• **Exercise directions**:
Would you transcribe the lines running from the one that holds "Koyanagi White Steel" to the last line of the records? Leave every picture out.

• **Record extracts**:

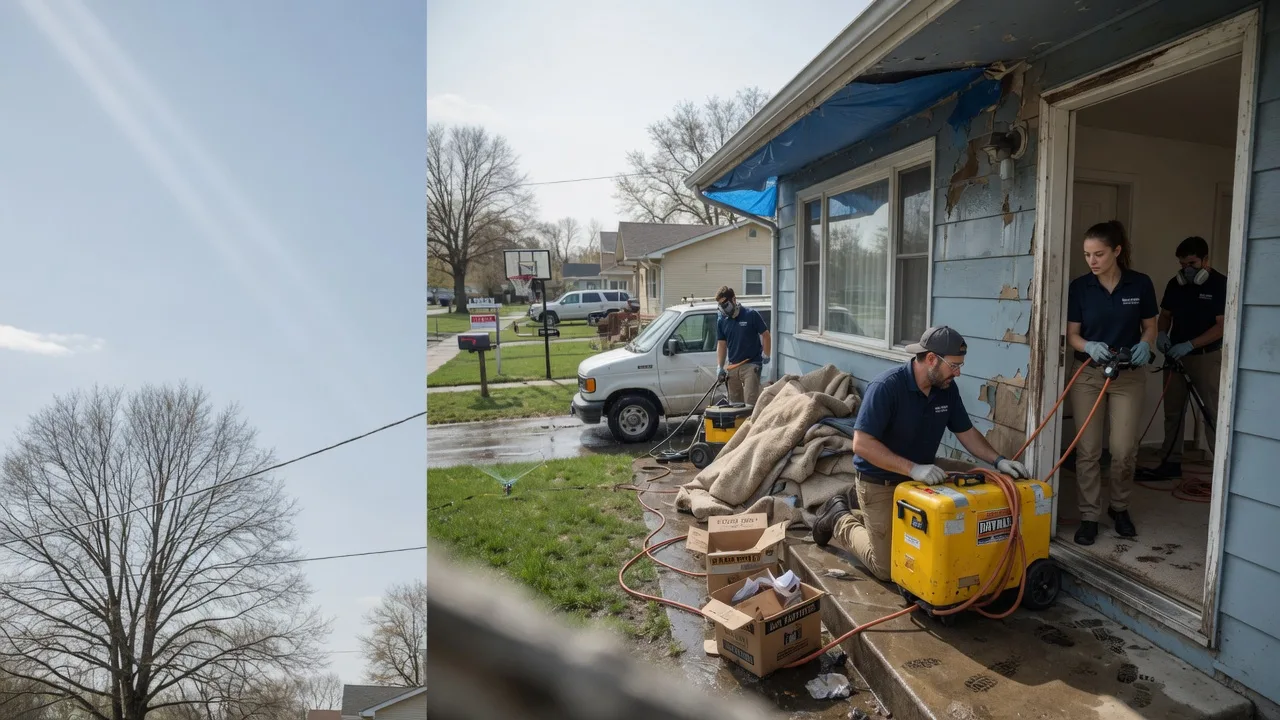 Basement Flood Cleanup in Bluffton, OH near me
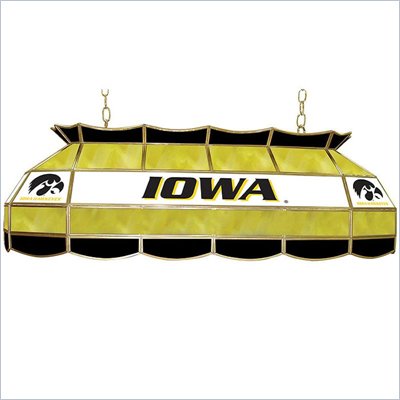 Trademark University of Iowa 40" Stained Glass Tiffany Light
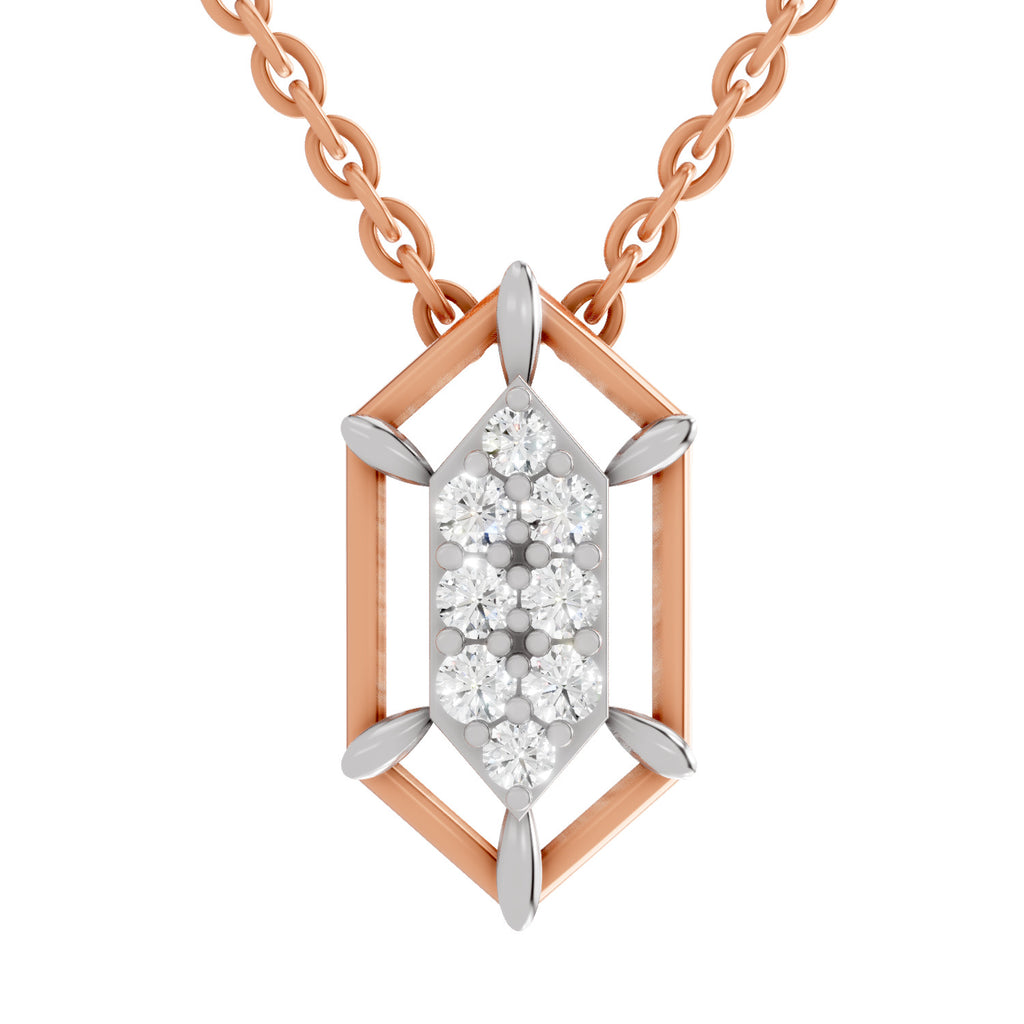 0.29 Carat Lab Grown Diamond Pendant in 14K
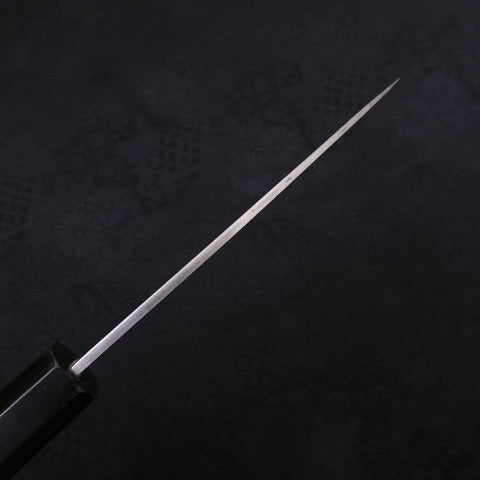 Koyanagi White Steel #2 Kasumi Chokin Nuage Chanceux Manche en Buffle et Ébène 110mm-[Musashi]-[Couteaux de cuisine japonais]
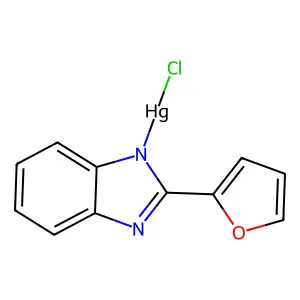 Chloro-[2-(furan-2-yl)benzimidazol-1-yl]mercury structure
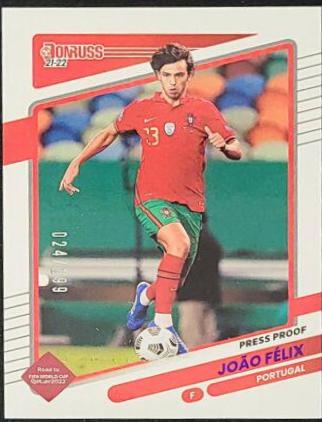 Joao Felix #119 2021 Panini Donruss Road To Qatar Soccer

• **Written answer**:
 Koyanagi White Steel #2 Kasumi Chokin Nuage Chanceux Manche en Buffle et Ébène 110mm-[Musashi]-[Couteaux de cuisine japonais]
 Chloro-[2-(furan-2-yl)benzimidazol-1-yl]mercury structure
 Joao Felix #119 2021 Panini Donruss Road To Qatar Soccer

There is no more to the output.